What the exercise asks:
Give an exact copy of the line that has "Toyota Levin 2018 — фото 3" and of every line below it, through the last, with nothing else.

Records supplied:

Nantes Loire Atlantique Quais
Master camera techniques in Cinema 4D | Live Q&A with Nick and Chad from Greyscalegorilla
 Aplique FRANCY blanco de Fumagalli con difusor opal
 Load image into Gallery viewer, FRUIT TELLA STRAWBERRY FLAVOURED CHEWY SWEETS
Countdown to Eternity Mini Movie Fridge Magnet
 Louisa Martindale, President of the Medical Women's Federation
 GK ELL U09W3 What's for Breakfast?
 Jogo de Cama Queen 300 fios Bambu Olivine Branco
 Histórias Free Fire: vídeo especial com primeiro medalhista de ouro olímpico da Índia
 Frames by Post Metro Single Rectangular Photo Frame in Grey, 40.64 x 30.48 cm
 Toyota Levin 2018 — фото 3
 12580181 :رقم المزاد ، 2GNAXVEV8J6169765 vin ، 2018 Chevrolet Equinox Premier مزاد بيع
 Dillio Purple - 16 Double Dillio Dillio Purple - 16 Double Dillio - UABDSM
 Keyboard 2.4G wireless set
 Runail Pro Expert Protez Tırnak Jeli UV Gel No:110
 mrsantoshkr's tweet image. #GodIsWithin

Solution to this task:
 Toyota Levin 2018 — фото 3
 12580181 :رقم المزاد ، 2GNAXVEV8J6169765 vin ، 2018 Chevrolet Equinox Premier مزاد بيع
 Dillio Purple - 16 Double Dillio Dillio Purple - 16 Double Dillio - UABDSM
 Keyboard 2.4G wireless set
 Runail Pro Expert Protez Tırnak Jeli UV Gel No:110
 mrsantoshkr's tweet image. #GodIsWithin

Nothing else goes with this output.